▶ _Work request_
Here is the task for the listing below: output exactly the lines from the one containing "天然翡翠 緬甸翡翠 A玉 玉鐲 • 冰玻種半山水白底青幼條翡翠福鐲" through the one containing "Ensemble d'1 petit", and leave out the pictures.

▶ _Exercise material_
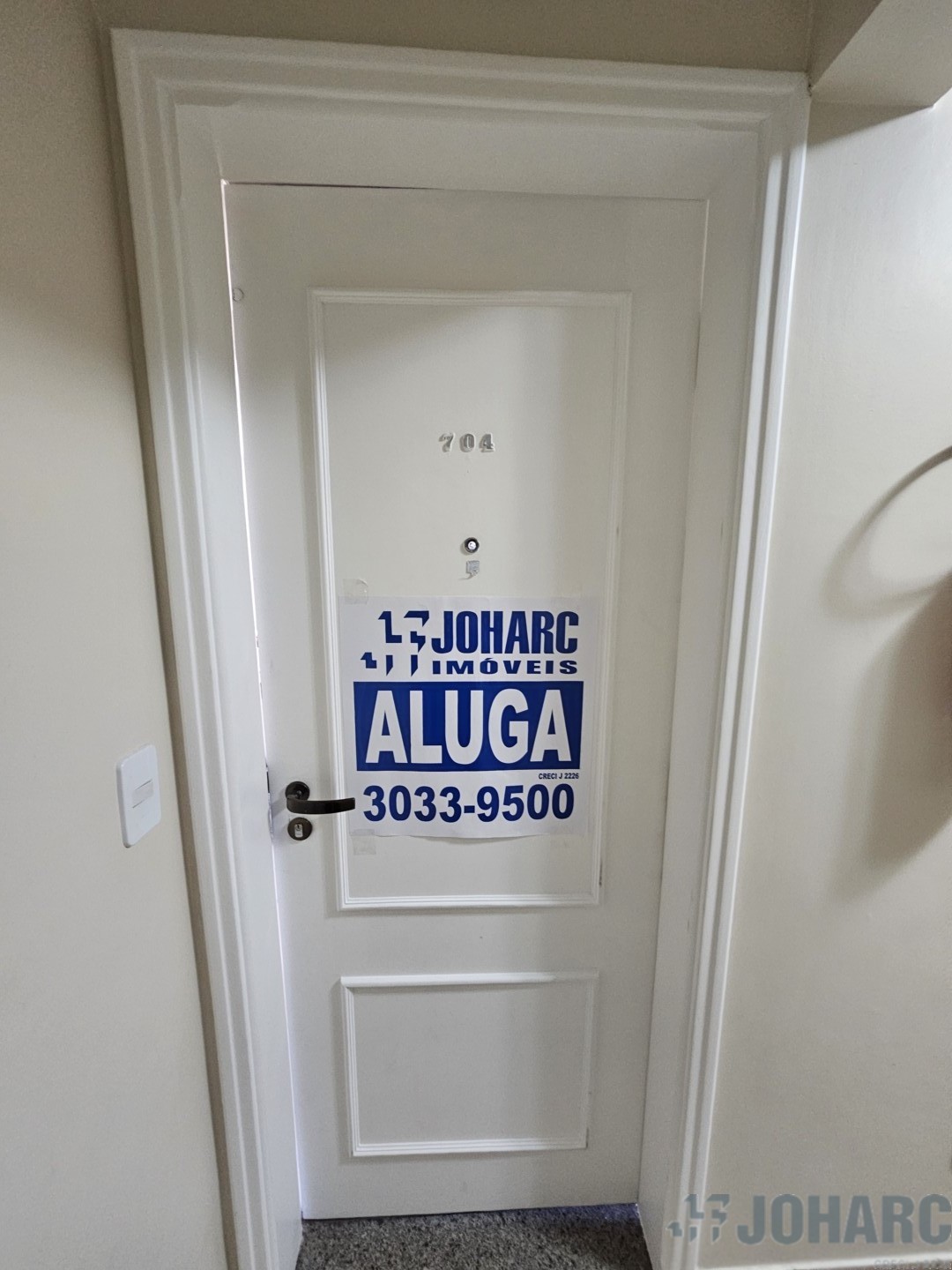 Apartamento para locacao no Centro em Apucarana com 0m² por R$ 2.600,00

---

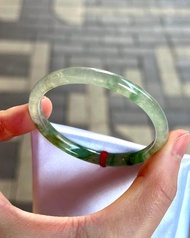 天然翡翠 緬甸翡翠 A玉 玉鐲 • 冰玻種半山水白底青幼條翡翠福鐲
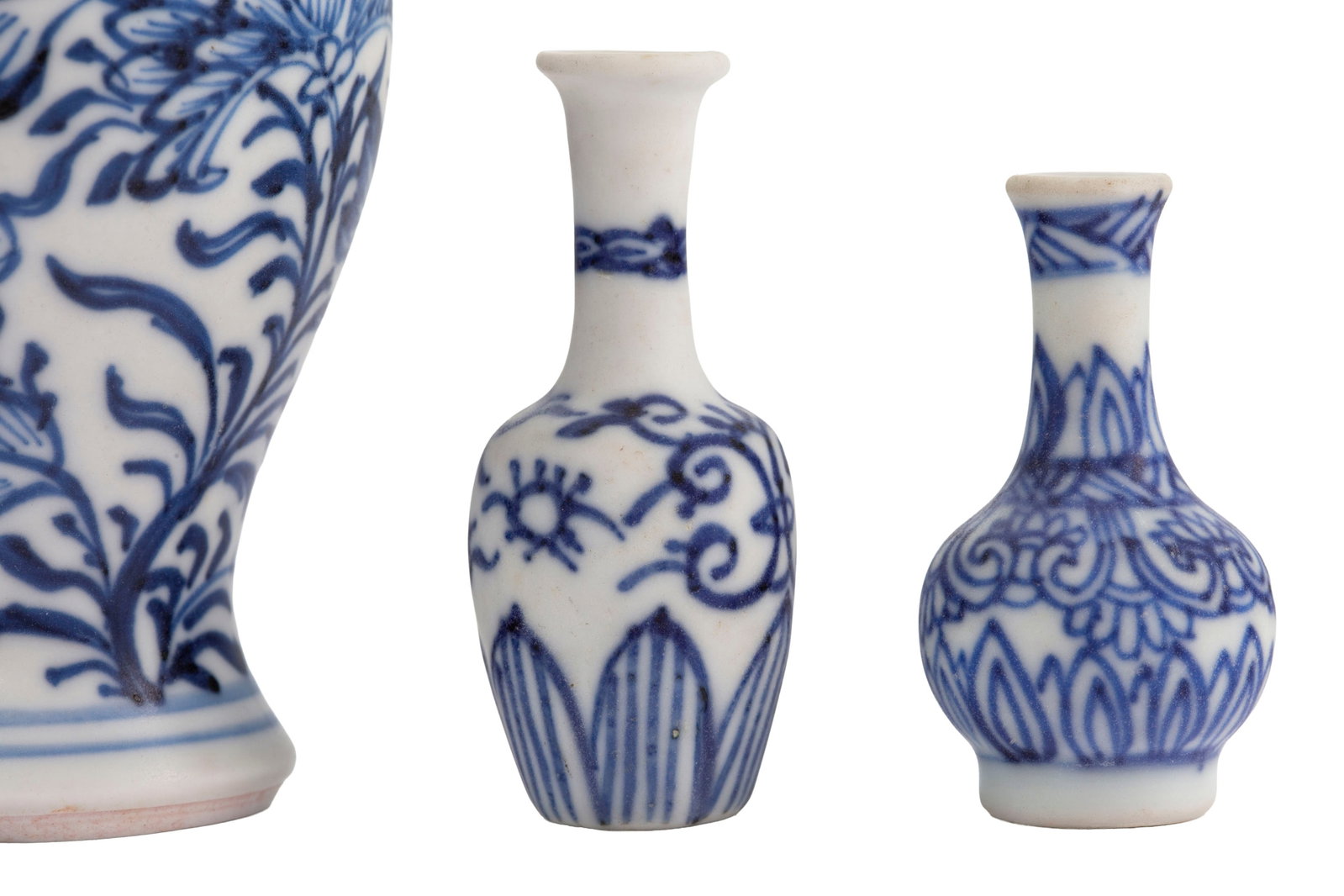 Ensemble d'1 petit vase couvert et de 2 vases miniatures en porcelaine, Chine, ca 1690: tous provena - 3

▶ _Task solution_
 天然翡翠 緬甸翡翠 A玉 玉鐲 • 冰玻種半山水白底青幼條翡翠福鐲
 Ensemble d'1 petit vase couvert et de 2 vases miniatures en porcelaine, Chine, ca 1690: tous provena - 3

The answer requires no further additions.